Initial values for the performance evaluation based on preference information were set as shown in Table 3. Since the ability to obtain user location information at the time of the search from the existing collected dataset was limited, user location information was set arbitrarily. Preference is divided into two parameters such as distance and price. A user’s preference is computed by Equation (1) by using the visiting record of the user. When a user visits a particular location, the price preference and the distance preference mean weights assigned to a price and a distance, respectively. In other words, the price preference and the distance preference mean that the reason that a user visits a particular location is a price or a distance. For example, when type 1 with the distance preference 0.7 and the price preference 0.3 visits a location, it prefers distance over price as a choice criterion of the location. The search frequency represents the number of search requests about a particular location and is used to compute ranking scores in Equation (4). As shown in Equation (4), the proposed scheme assigns high weights to the location preference when the search frequency is high. It assigns high weights to the popularity when the search frequency is low. The user types are classified into seven types according to the price preference, the distance preference, and the search frequency. In order to conduct the performance evaluation according to the preference and the search frequency, types 1, 2, 3 and 4 set a high price preference value to 0.7 and a low price preference value to 0.3 based on data collected via the Gowalla API. The distance preference was applied in the same way as the price preference. We also set the high search frequency value to 0.8 and the low search frequency value to 0.2. For the performance evaluation of the extreme cases, we used type 5 and type 6. We used type 7 to compare the characteristics of a user not considering particular types of preferences. To verify the flexibility of the proposed scheme, we conducted experiments with a variety of setup criteria. The search location of the user was 14th Street, New York, NY 10011, United States, and the search radius was within Downtown, New York City.
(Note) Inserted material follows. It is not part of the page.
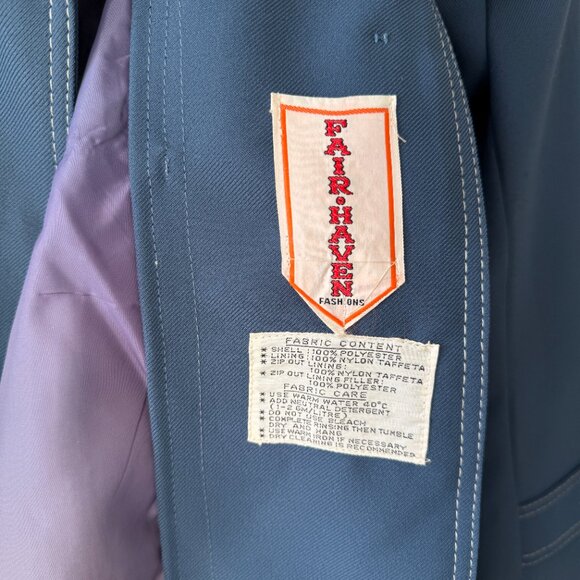 Vintage 1960s Fairhaven Blue Trench Coat Jacket Made in British Hong Kong - Picture 9 of 10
Table 3.Performance evaluation setup values

As shown in Table 3, types 1 to 4 had different search frequencies but the same preferences, while types 5 to 7 were set to have neutral to extreme preferences. Types 5 and 6 tended to select either distance or price one-sidedly. On the other hand, type 7 was not biased to either price or distance. The result of the nearby information search from the search location showed that a total of 707 candidate locations were searched. The existing scheme and the proposed scheme were applied to these 707 locations, respectively, to produce the top 20 ranking locations. The attribute information of the two results was compared and evaluated. We performed performance evaluation based on the setup shown in Table 3, and marked the actual search results to verify the search result intuitively using Google Places API provided by Google, as shown in Fig. 9.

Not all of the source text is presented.